PLAYA is intended to get objects out of PDF, with no dependencies or further analysis. So, over top of PLAYA, this package provides PDF, Analyse et Visualisation simplifiÉeS.

Or, if you prefer, PDF Analysis and Visualization for dummiES.

The goal here is not to provide elaborate, enterprise-grade, battle-tested, cloud and AI-native, completely configurable and confoundingly complex classes for ETL. It's to give you some helpful functions that you can use to poke around in PDFs and get useful things out of them, often but not exclusively in the context of a Jupyter notebook.

Installation

Install it from PyPI (as paves) with pip or uv, preferably in a environment. That's all. If you want to play around in the source code you can use hatch or uv (your choice).

Quick start

To use it, I recommend importing playa and then abbreviating the PAVÉS modules like this:

import python
import paves.image as pi
import paves.tables as pt
import paves.text as px

The major use case (well, my major use case) for PAVÉS is looking at stuff in PDFs, generally in a Jupyter notebook. Basically pi.show renders pages to images, pi.box draws boxes around objects, and pi.mark highlights objects with semi-transparent colour. Images are PIL.Image.Image objects everywhere so you can, for example, crop them, save them, etc.
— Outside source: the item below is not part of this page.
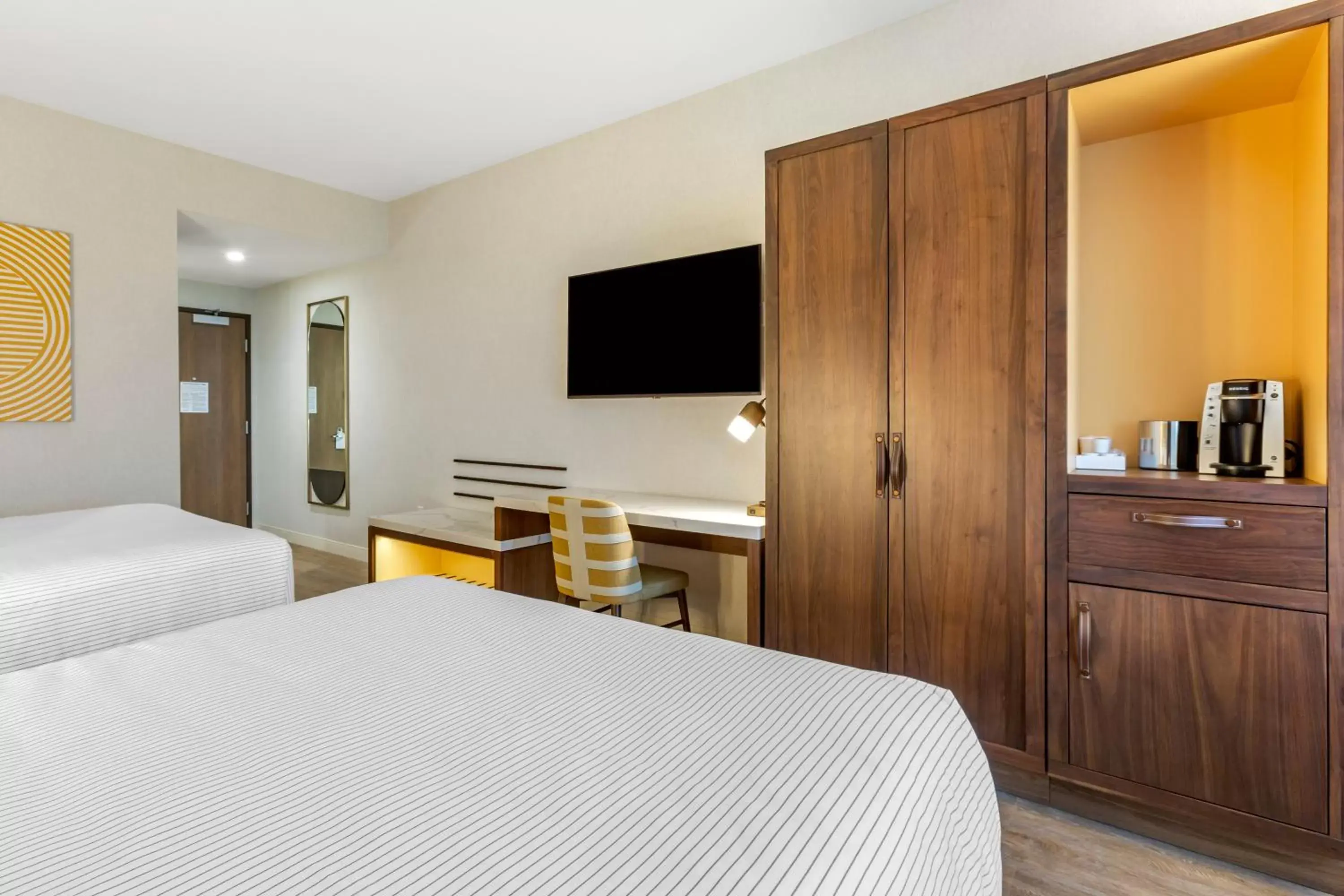 Bed in Cambria Hotel Napa Valley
pdf = playa.open("awesome-document.pdf")
page = pdf.pages[0]
image = pi.show(page)
image_with_text_objects = pi.box(page.texts)
image_with_marked_content = pi.box(page.structure)
image_with_highlighted_images = pi.mark(page.images)
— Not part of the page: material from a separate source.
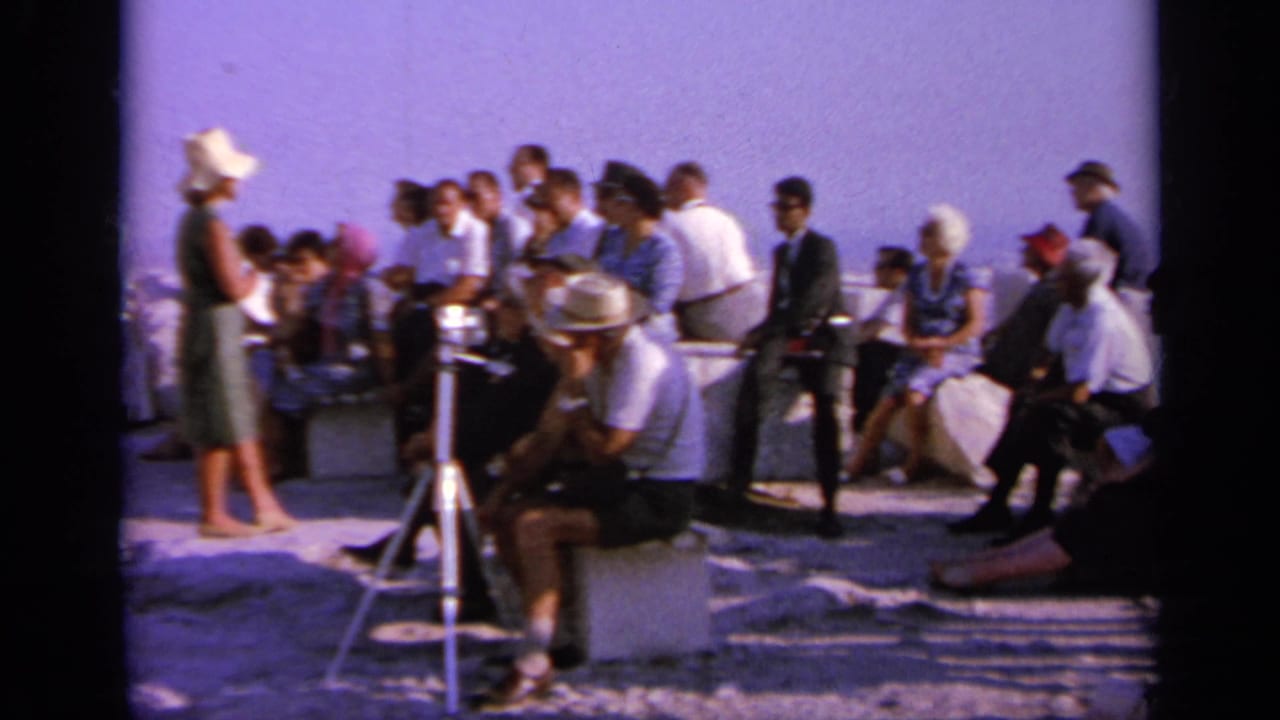 Crowd gathered near a tripod camera at a sunlit stone site.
Another use case is to extract words and lines of text, with associated styling and graphics state. So for instance you could look at text with associated fonts:

pi.show(px.words(page), label=px.textfont)

It can also detect tables. Contrary to the current zeitgeist, PAVÉS always tries to do everything the simplest and most efficient way, taking advantage of explicit structure when possible (yes, PDFs can have explicit structure). This will fall back to Deep Learning if there isn't any such structure, and if you have the necessary PyTorch and HuggingFace junk installed.

Once you've found these tables you can... do stuff with them. More on this soon.

License

PAVÉS is distributed under the terms of the MIT license.